La iniciativa amplía una estrategia que la compañía ya había implementado en Estados Unidos, donde todos sus productos dejaron de contener colorantes artificiales.
El anuncio llega en un momento en el que la industria alimentaria enfrenta una fuerte presión para ofrecer productos más saludables, impulsada tanto por el crecimiento de los medicamentos para bajar de peso basados en GLP-1 como por consumidores cada vez más atentos a la composición de los alimentos que compran.
“Para finales de este año tendremos todo el portafolio global de Nestlé libre de colorantes artificiales”, dijo a Reuters Stefan Palzer, director de Tecnología de Nestlé, durante una entrevista realizada en la sede de la empresa en Vevey, Suiza.
Eliminar colorantes artificiales: la apuesta de Nestlé por alimentos más naturales
En los últimos años, fabricantes y cadenas de supermercados aceleraron la eliminación de ingredientes cuestionados, entre ellos colorantes sintéticos y edulcorantes como el jarabe de maíz de alta fructosa.
Para Nestlé, la transición requirió años de investigación y desarrollo para encontrar alternativas naturales que mantuvieran la calidad, el sabor y la estabilidad de sus productos. “No fue algo sencillo”, afirmó Palzer sobre la decisión.
“Tuvimos que realizar una gran cantidad de trabajo de investigación y desarrollo, porque primero hay que identificar todas las alternativas naturales, luego probar esas soluciones durante la producción y, además, evaluar su vida útil”, explicó.

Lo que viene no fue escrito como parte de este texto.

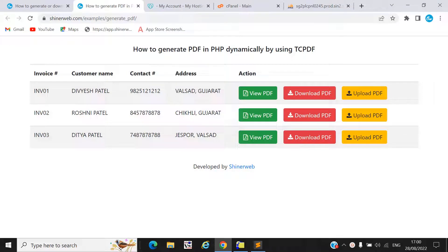Hi, if you want to generate your PDF or if you want to generate your invoice into a PDF file, in this video we will learn how to generate your PDF by using PHP dynamically. Here you can see we already created one demo for you, so let's check the demo and how this works.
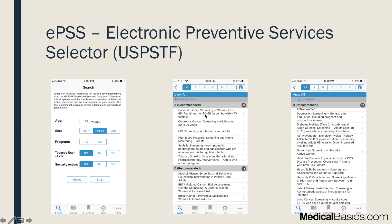The next resource is the EPSS — Electronic Preventive Services Selector — designed by the U.S. Preventive Services Task Force. This is great for screening. When on outpatient or family medicine rotations, it's hard to remember what screening to do at what age. You just enter the age, sex, pregnancy status, tobacco use, and sexual activity, and it tells you what screenings are recommended, along with A, B, and C recommendation grades.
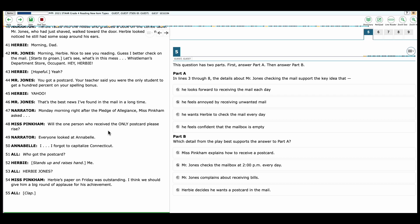Narrator: Monday morning, right after the Pledge of Allegiance, Miss Pinkham asked: Will the one person who received the only postcard please rise? Narrator: Everyone looked at Annabelle. Annabelle: I forgot to capitalize Connecticut. All: Who got the postcard? Herbie stands up and raises his hand. Me? All: Herbie Jones? Miss Pinkham: Herbie's paper on Friday was outstanding. I think you should give him a big round of applause for his achievement. All: Clap.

Según el ejecutivo, el objetivo es responder a una demanda cada vez más clara por parte de los consumidores. “Lo hicimos porque los consumidores no valoran los ingredientes artificiales. Quieren recetas más simples”, agregó.
Crece la presión sobre la industria alimentaria para ofrecer productos más saludables
La decisión de Nestlé refleja un cambio más amplio dentro del sector de alimentos y bebidas. Cada vez más empresas reformulan sus productos para reducir la presencia de ingredientes sintéticos y responder a consumidores que priorizan etiquetas más limpias y alimentos menos procesados.
A esto se suma el impacto que están teniendo los tratamientos para la pérdida de peso basados en GLP-1, que modifican los hábitos de consumo y llevan a las compañías a desarrollar productos alineados con una alimentación más saludable.
En ese escenario, Nestlé busca posicionarse a la vanguardia de la transformación de la industria alimentaria, con un portafolio global libre de colorantes artificiales y una estrategia enfocada en responder a las nuevas preferencias de los consumidores.